Data supplied:

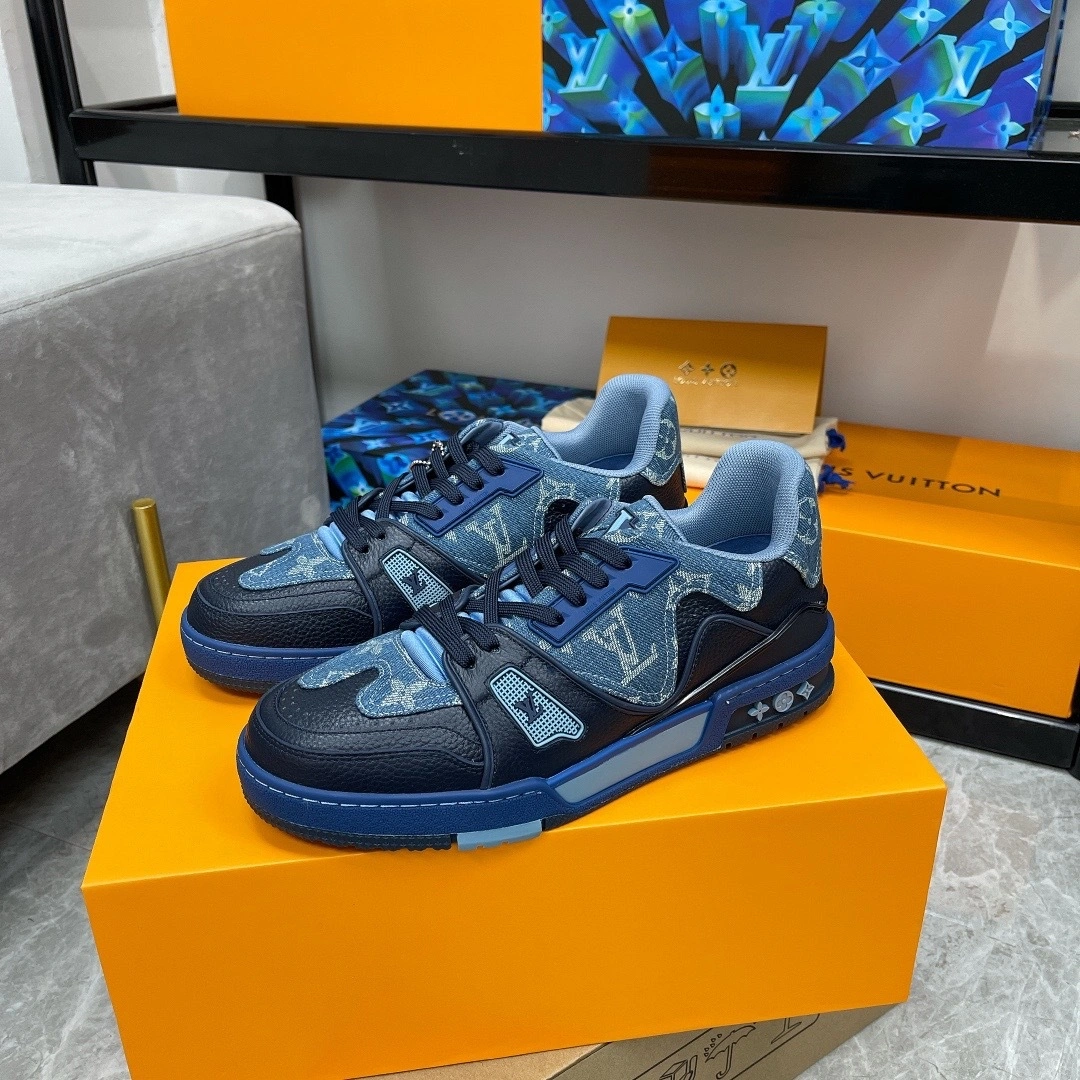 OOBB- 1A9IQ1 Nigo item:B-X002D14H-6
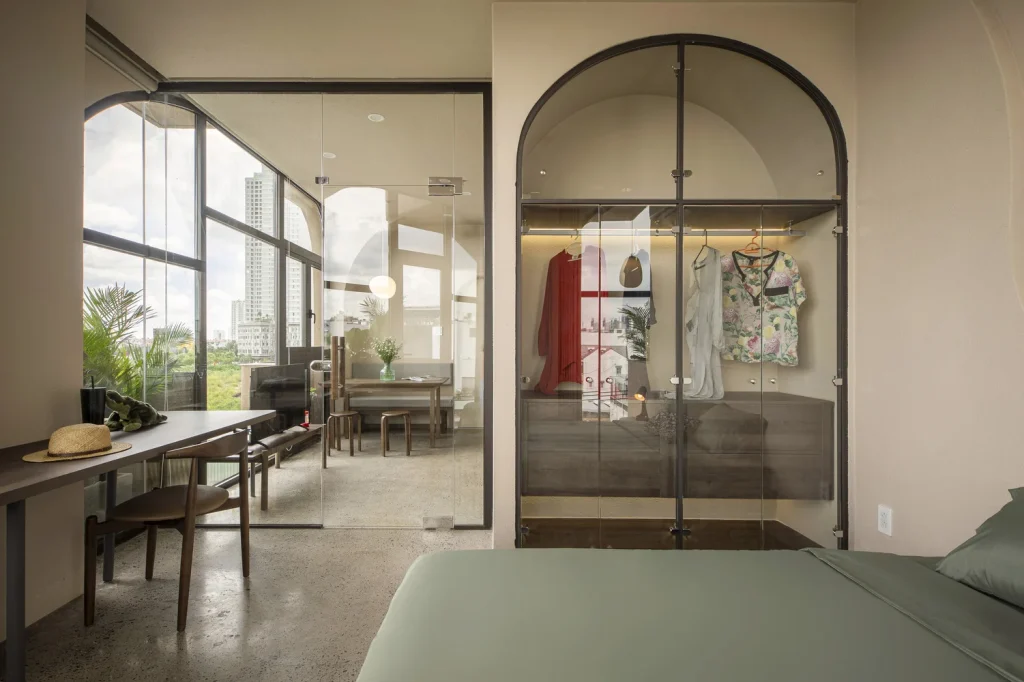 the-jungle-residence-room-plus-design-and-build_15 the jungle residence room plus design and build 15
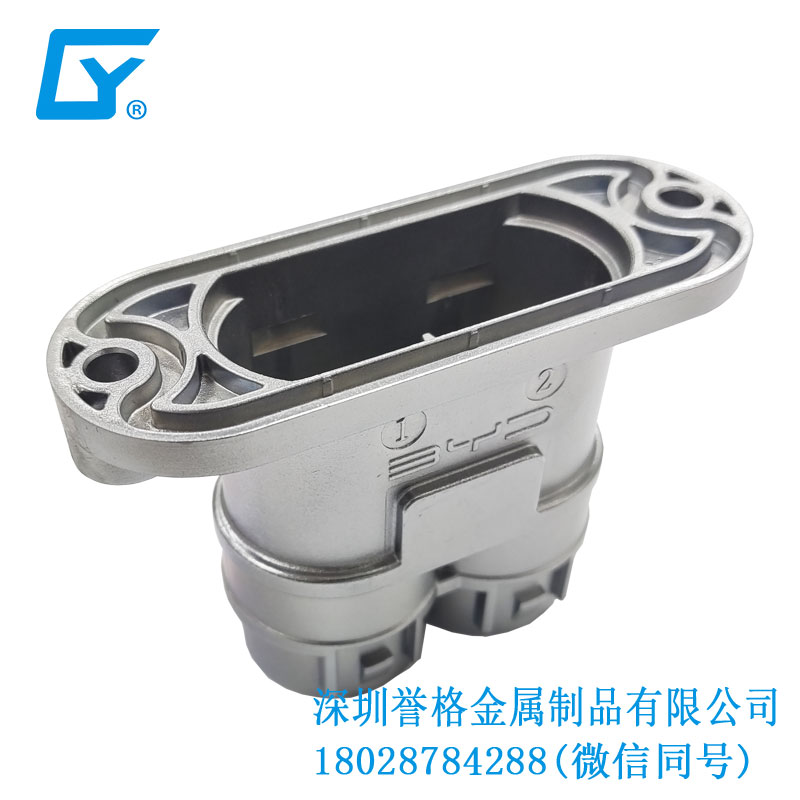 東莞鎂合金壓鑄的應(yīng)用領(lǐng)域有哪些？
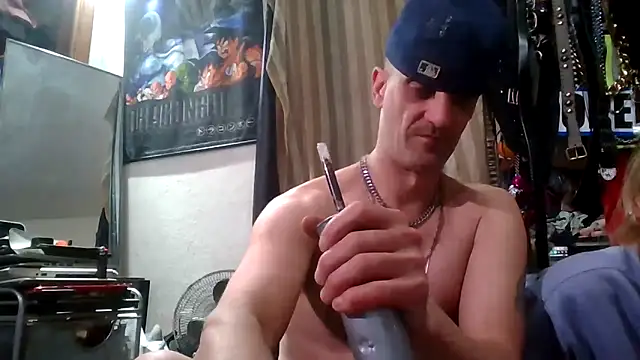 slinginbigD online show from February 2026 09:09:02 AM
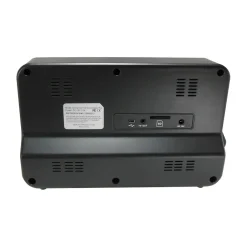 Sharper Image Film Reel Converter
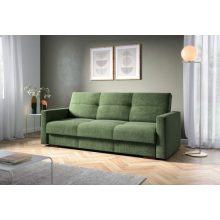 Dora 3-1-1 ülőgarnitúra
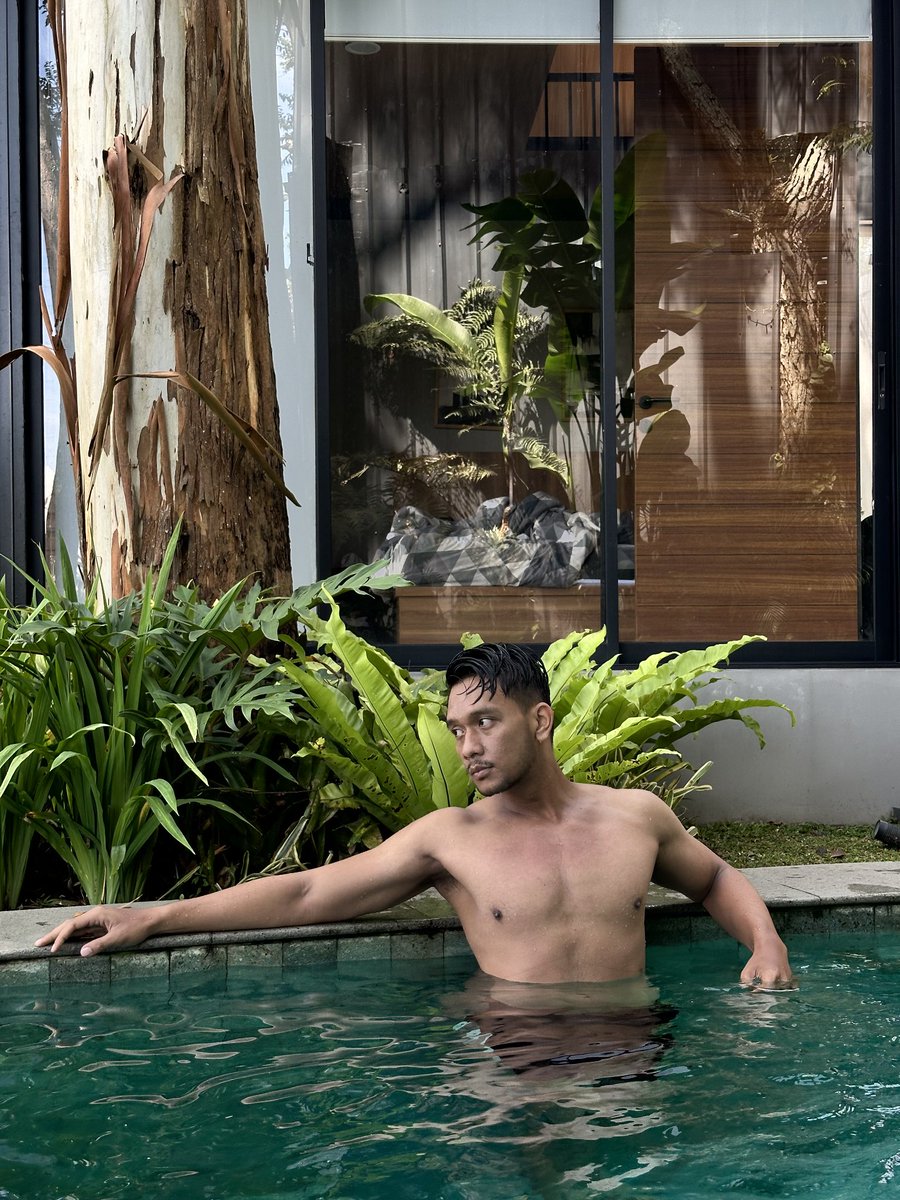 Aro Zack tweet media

==

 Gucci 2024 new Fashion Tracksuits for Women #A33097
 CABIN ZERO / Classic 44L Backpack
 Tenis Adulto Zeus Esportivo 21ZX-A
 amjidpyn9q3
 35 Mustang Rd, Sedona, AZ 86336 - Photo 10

Your goal:
Everything above from the line that has "OOBB- 1A9IQ1 Nigo item:B-X002D14H-6" down to the line that has "Aro Zack tweet media" should be output exactly, with both of those lines included. Leave the pictures behind.

Answer to this task:
 OOBB- 1A9IQ1 Nigo item:B-X002D14H-6
 the-jungle-residence-room-plus-design-and-build_15 the jungle residence room plus design and build 15
 東莞鎂合金壓鑄的應(yīng)用領(lǐng)域有哪些？
 slinginbigD online show from February 2026 09:09:02 AM
 Sharper Image Film Reel Converter
 Dora 3-1-1 ülőgarnitúra
 Aro Zack tweet media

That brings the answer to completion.